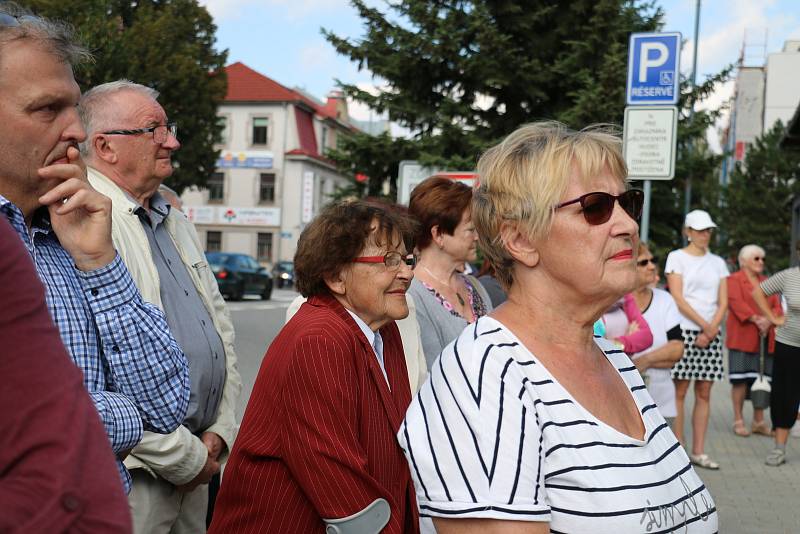 Slavnostního odhalení plastiky Lva od Vincence Makovského coby připomínky stého výročí vzniku Československé republiky se zúčastnily více než dvě stovky lidí.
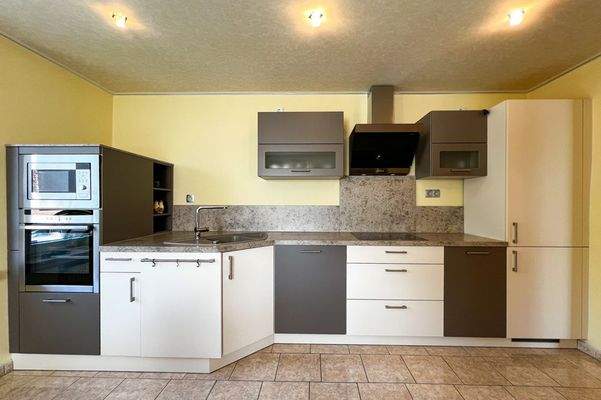 Perfekt eingepasste Einbauküche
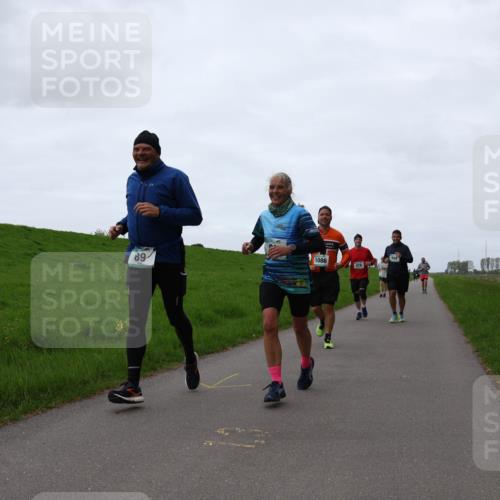 04.05.2025 - 8. Wedeler Halbmarathon Yannick Fuchs http://msf.ph/oto/7838573 04.05.2025 11:25:22 Laufen 89, 1086, 476 meine-sportfotos.de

— Task to carry out —
Only the lines from the one containing "Perfekt eingepasste Einbauküche" through the last line of the data may appear in the answer, each given again exactly and with pictures left out.

— Solution to the problem —
 Perfekt eingepasste Einbauküche
 04.05.2025 - 8. Wedeler Halbmarathon Yannick Fuchs http://msf.ph/oto/7838573 04.05.2025 11:25:22 Laufen 89, 1086, 476 meine-sportfotos.de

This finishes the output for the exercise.